In some simulation trials, simultaneous switching of both AMPA and NMDA channels between the TPN and TNN was also attempted. It was found that AMPA only controlled the oscillatory strength of the overall network activity, and its effect on other aspects of neuronal activity was not significant. Therefore, in this section, we preserved normal AMPA channels and only used NMDA switch I (Figs. 7, 8) to respectively switch on or off the connections of the TPN (representing DLPFC) with the TNN1 (representing PCC) or with the TNN2 (representing IPL) in three different phases of a complete working memory process.

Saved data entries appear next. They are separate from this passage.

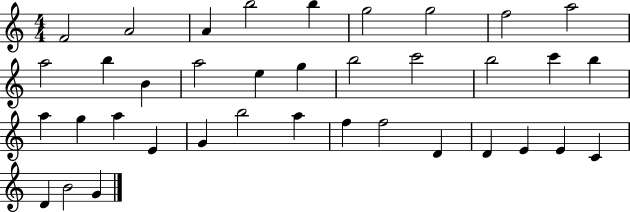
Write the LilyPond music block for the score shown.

{
  \clef treble
  \numericTimeSignature
  \time 4/4
  \key c \major
  f'2 a'2 | a'4 b''2 b''4 | g''2 g''2 | f''2 a''2 | \break a''2 b''4 b'4 | a''2 e''4 g''4 | b''2 c'''2 | b''2 c'''4 b''4 | \break a''4 g''4 a''4 e'4 | g'4 b''2 a''4 | f''4 f''2 d'4 | d'4 e'4 e'4 c'4 | \break d'4 b'2 g'4 | \bar "|."
}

Parameters of the model and time intervals of three phases are shown below. Detailed internal parameters of the model are shown in the supplementary parameter table. Gaussian weight parameters: \(\sigma = 11.25,\;J^{ + } = 3.62,\;k5 = 95\). Preferred direction of the external stimulus: 180°. The external stimulus was applied in 750–1000 ms. Encoding phase: 750–1750 ms. In this encoding period, NMDA conductance was kept a normal value between the TPN and TNN2, while NMDA conductance was set zero between the TPN and TNN1. Maintenance phase: 1750–8000 ms. In this maintenance period, NMDA conductance was kept a normal value between the TPN and TNN1, while NMDA channels between the TPN and TNN2 were switched off (the strength of NMDA conductance as set as zero). Retrieval phase: 8000–9000 ms. In this retrieval period, NMDA channels were switched on at a normal level between the TPN and TNN2, while they were switched off between the TPN and TNN1. All AMPA and GABA currents in the TPN–TNNs model did not vary during all three phases.

As could be seen in Fig. 11a, the TPN could not inhibit the two TNNs well. However, this result indicated that the BOLD signal correlation between the WMN and DMN observed in fMRI experiments was not completely characterized by the high or low baseline value of firing rates. Due to the consistency between the BOLD signal and contained energy (see “Methods”), the contained energy would reflect more characteristics of neural activity than does the firing rate. The oscillations of contained energy were significantly different in the TPN, TNN1 and TNN2 (Fig. 11b). Oscillations in the TPN disappeared during the maintenance phase from 1750 to 8000 ms (Fig. 11b, middle panel). This disappeared oscillation was probably related to NMDA connections between the TPN and TNN1, NMDA disconnections between the TPN and TNN2 during this maintenance period. In order to quantitatively measure oscillation patterns in the three networks, phase locking analysis was carried out based on the contained energy signals between every two networks.

Fig. 11
figure 11

Firing activity and contained energy in a complete working memory process. a Scatter plots of firing rates in TPN and two TNNs with density color temperature. The semi-transparent white box marks the maintenance phase. Black lines on both sides of the white box are the time points of encoding → maintenance (1750 ms), maintenance → retrieval (8000 ms). b Contained energy curves of the three networks by intercepting time intervals of encoding, maintenance, and retrieval phases. The blue dashed curves indicate contained energy in the TNN2; the magenta dashed curves represent contained energy in the TNN1, and the green solid curves are contained energy in the TPN

The phase locking analysis is often used in fMRI studies and is a good method to measure phase synchronization of two BOLD signals recorded from two different brain areas. The two indexes of PLV (Phase Locking Value) (Aydore et al. 2013) and PLI (Phase Lag Index) (Stam et al. 2007) have been used here for analyzing phase synchronization of the contained energy between TPN and TNN1, TPN and TNN2, TNN1 and TNN2, separately in three phases of working memory. Since phase differences between three networks were small, PLV values between every two networks at each of three phases were very high (see Table 1). In that case, PLI was calculated at the same time. PLI mainly analyzes the phase symmetry of two signals, thus being able to amplify some tiny phase differences so that the discrimination of phase locking property could become obvious.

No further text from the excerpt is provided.